„Songs of Spring“: Die Folgen der Revolution

Mit Harmonien kommt man nicht weiter. Nicht, wenn es um die Situation in Tunesien, Ägypten, Bahrain, Syrien und der Türkei geht, die noch vor gut fünf Jahren von der so genannten arabischen Revolution überflutet wurden, von Protestwellen Hunderttausender, die mehr Freiheit und Demokratie forderten. Daraus ist in den meisten Fällen nicht viel geworden. Nun hat die türkische Pianistin Seda Röder sechs junge Komponisten aus diesen Ländern aufgerufen, ihre persönliche Wahrnehmung der „Arabellion“ und ihrer Folgen in Musik zu packen. Und die, so zeigte die Uraufführung der „Songs of Spring“ in den Kammerspielen Bad Godesberg im Rahmen des Beethovenfests, kann eben vieles sein. Aber sicherlich nicht harmonisch.

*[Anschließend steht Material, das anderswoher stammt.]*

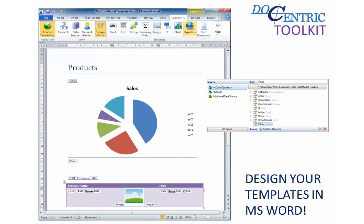This means that report templates are basically just ordinary MS Word documents containing additional information. At report generation time, such a template gets processed by the Docentric report engine and merged with data which results in a final report.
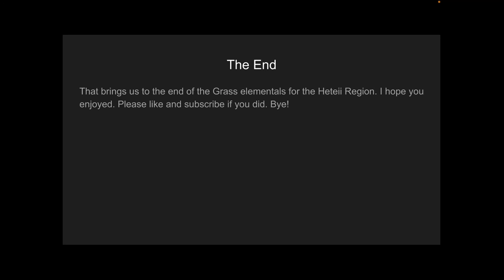That brings us to the end of the Grass Elementals for the Hedei Region. But there still will be more because they have more minor types, I guess. I hope you enjoyed. Please like and subscribe if you did, and bye!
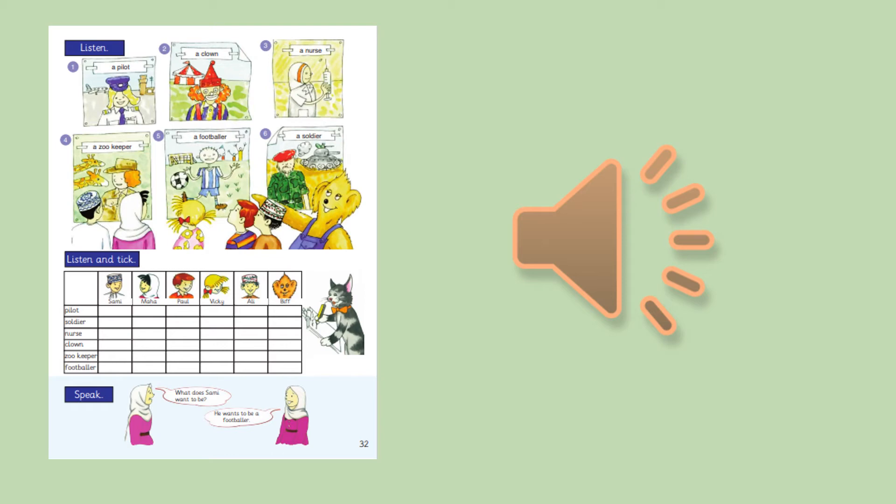And you, Vicky? What do you want to be? I want to be a zookeeper. I want to look after animals.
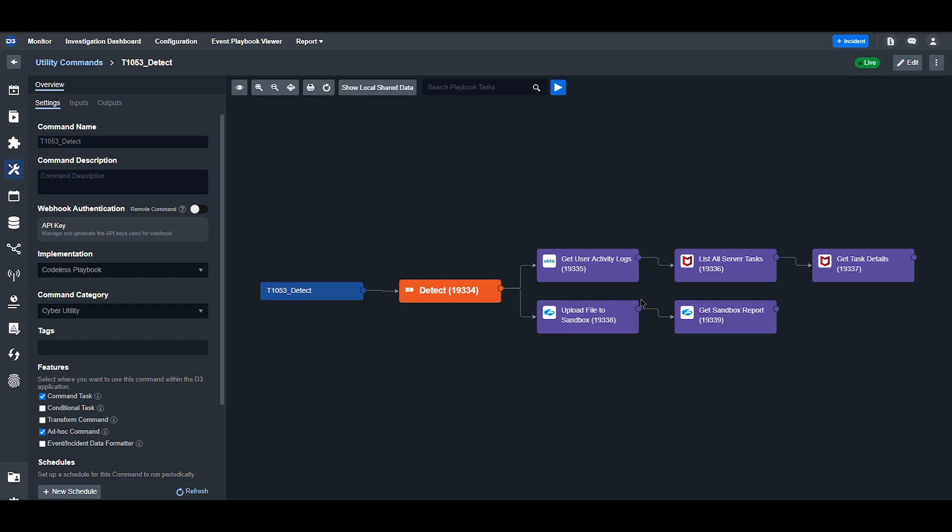The command Get User Activity Logs from Okta provides insights into user actions, such as login attempts, application usage, and account modifications.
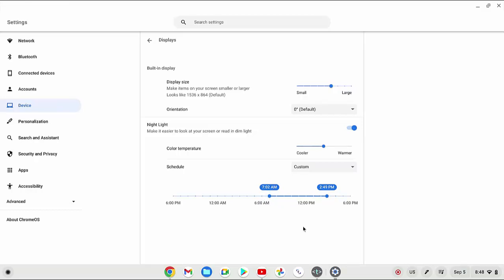And then slide the right dot on the time adjustment bar to set the end time, or the time the nightlight mode will auto turn off. As the example, I will set it to 5 p.m.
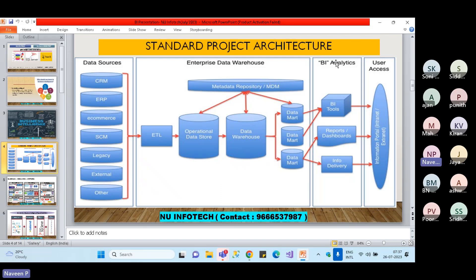We also create respective data marts if required. A data warehouse has all the data, but a data mart will have specific data — for example, sales data, inventory data, or volume data. Within sales, we have offline store business and online business. We categorize the data accordingly. From data sources all the way to the enterprise data warehouse — it all deals with data. The BI analytics part is where we work: we connect with the structured data and create the reports and dashboards.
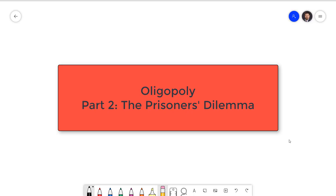Hello, everyone. I'm Sebastian Wye, and this is Foundations of Economics. In this video, I'm going to introduce the field of game theory and talk about the most famous game of them all, The Prisoner's Dilemma.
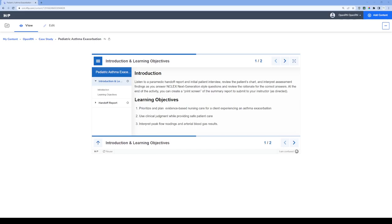Welcome to this brief tutorial on building next-generation NCLEX questions utilizing H5P. In this tutorial, I'm going to walk through a few steps in building just one example of these questions, utilizing the interactive book feature in H5P.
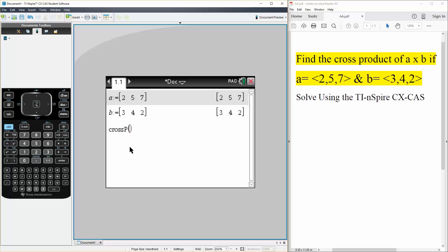And now simply we do cross product of A by B so A comma B like this, hit enter and there's our answer. And that's the cross product of A by B and that's all we need to do.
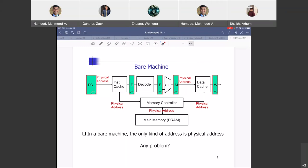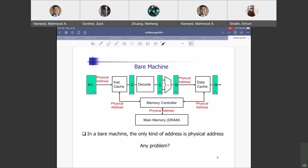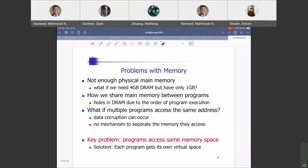There is a memory controller that facilitates communication between those caches — instruction cache and data cache — and your main memory, which is based on DRAM technology. In the bare machine, the only kind of address is a physical address. There are several problems with that. The first is not enough physical memory.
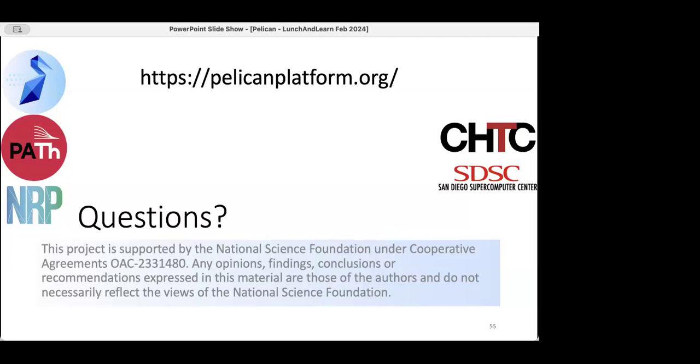Thanks again Brian for the great talk — send along your slides and I'll make sure they get posted. For anybody still listening, we've filled in the schedule quite a bit. Look for the email with updates on upcoming talks: Jen Schopf is giving an overview of what the EPIC project will be doing for CC-STAR, Wendy Huntoon will give an overview of the actual CC-STAR solicitation in early March, and we have science talks on the Chameleon project and Kurt Dodds talking about astronomy data. The professional development team will also be offering office hours. Hope everybody has a good weekend and we'll talk soon.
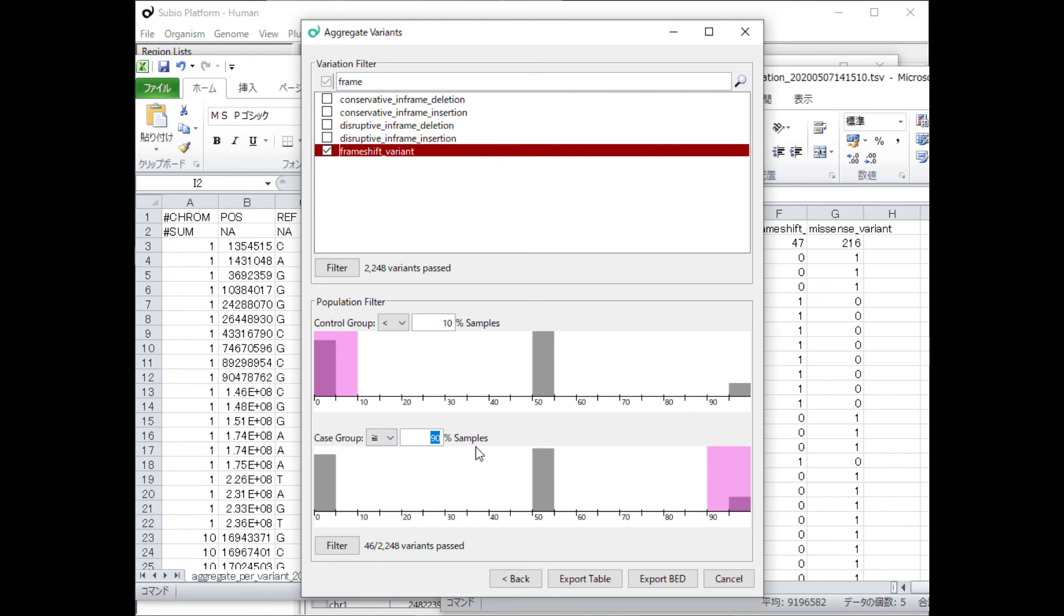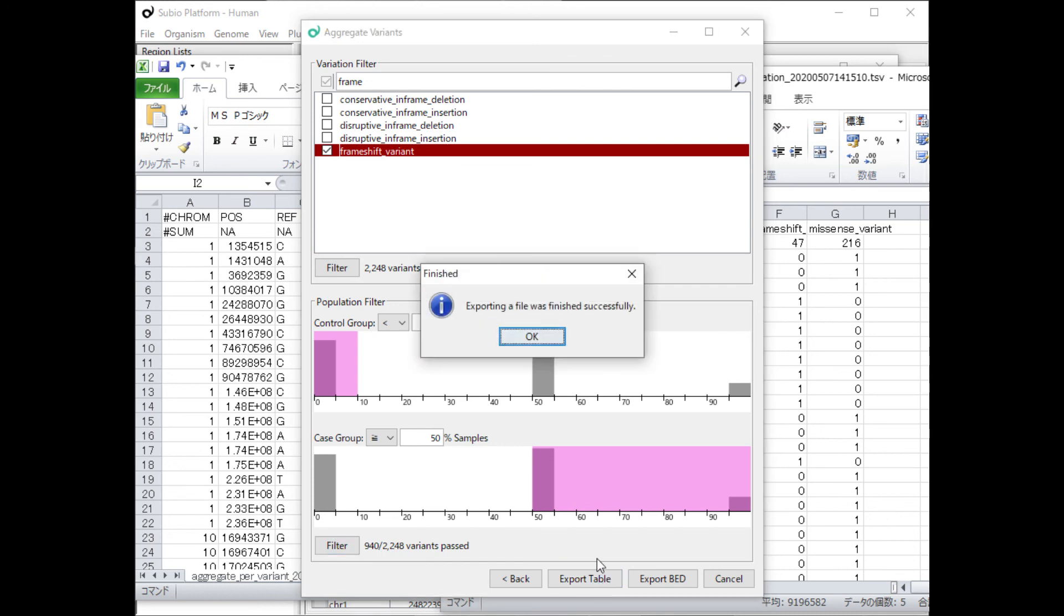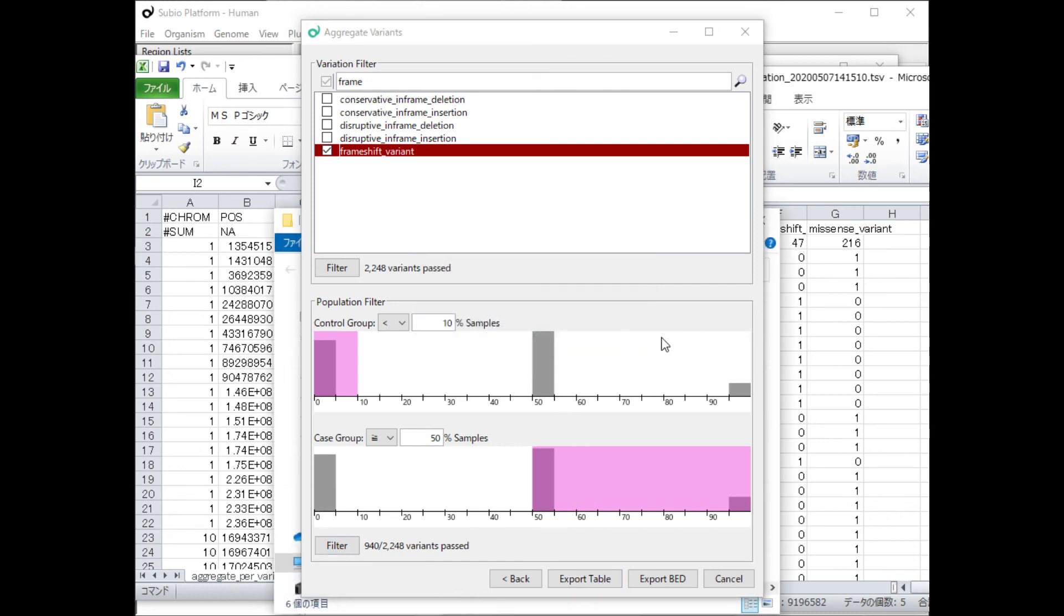We also extract mutations contained in either one of the two mutant samples, changing only the setting of the population filter.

Röder hat die entstandenen Werke geschickt in eine Rahmenhandlung eingebettet, in der sie Erzähler Laurenz Leky auf die Suche nach der Geschichte des Arabischen Frühlings schickt. Mal sucht er auf Google und liest Wikipedia, dann wieder scheint er dank Videomontage selbst aus Ägypten zu berichten. Auch Videosequenzen mit den Komponisten fließen mit ein und bilden so eine sehr informative Grundlage, die die Werke zumindest ansatzweise aufschließt. „Wir wollen, dass eine neue Generation neue Dinge macht“, bringt es etwa der Tunesier Souhaly Guesmi auf den Punkt. Weg mit dem Althergebrachten, her mit der Innovation. Ein ähnliches Verlangen hat nach Ende des Zweiten Weltkriegs maßgeblich zur Avantgarde beigetragen – zumal die Neue Musik unter der Nazi-Herrschaft als entartete Kunst galt. Nun versuchen die Künstler der arabischen Welt, die in ihren Ländern weit verbreitete Zensur mit den ihnen eigenen Mitteln zu umgehen und dabei neue Impulse zu setzen. So greift der Ägypter Amr Okba Facebook-Postings auf und setzt sie in abgehackte, dissonante Miniaturen um. Diese Zerstückelung der Musik ist für den Hörer überaus anstrengend, zugleich aber emblematisch für ein Land, das unter dem Regime Al-Sissis nicht weniger leidet als unter dem Mubaraks.

Vor allem Rhythmen üben in Ländern, in denen Kritik am Staat und an der Religion nicht toleriert werden, beinahe die Funktion einer Geheimsprache aus. So greift Hasan Hujairi aus Bahrain ein bestimmtes Klatsch-Motiv auf, mit dem der Sturz des Königs gefordert wird und das für einige Zeit ein beliebtes Hupsignal unter Autofahrern war. Darüber schichtet er in Töne gegossene Rufe und Reden, kleine Fragmente des Widerstands – ebenso wie der Türke Tolga Yayalar, der Tweets aus der Zeit der Proteste verarbeitet und seinen Landsleuten wider die Zensur eine Stimme verleiht. Zudem setzt er auf Mezzosopranistin Kristina Quintabà, die zuvor bereits zusammen mit dem Violinisten Ekkehard Windrich der Klage des Syrers Zaid Jabri Ausdruck verliehen hat. Ob allerdings eine stilisierte Opernstimme das richtige Sprachrohr für ein Volk ist, in dem selbst die Hoffnung zerbröckelt und nur noch das Fleisch zurückbleibt? Ausgerechnet Jabris „Variations on (R)evolution“ wirken so in ihrer Künstlichkeit am schwächsten, obwohl zuvor ausdrücklich auf die Schrecken der seit 2012 eingeschlossenen Stadt Madaja hingewiesen wurde, deren Bewohnern der Hungertod droht. Ja, vielleicht kann dieser Katastrophe wirklich nicht mit musikalischen Harmonien begegnet werden – andererseits gilt es selbst dann, eine Sprache zu finden, die das Publikum nicht nur versteht, sondern die es auch bewegt. Auf intellektueller Ebene sind alle „Songs of Spring“ nachvollziehbar, im besten Fall sogar eindringlich (vor allem Guesmis „Ô Peuple!“ und Yayalars „Songs from the Days of June“). Die emotionale Ebene muss dagegen jeder selber bewerten. Mit offenen Ohren und offenem Herzen. Immerhin: Wenn die Musik zumindest das erreicht, hat sie schon viel gewonnen.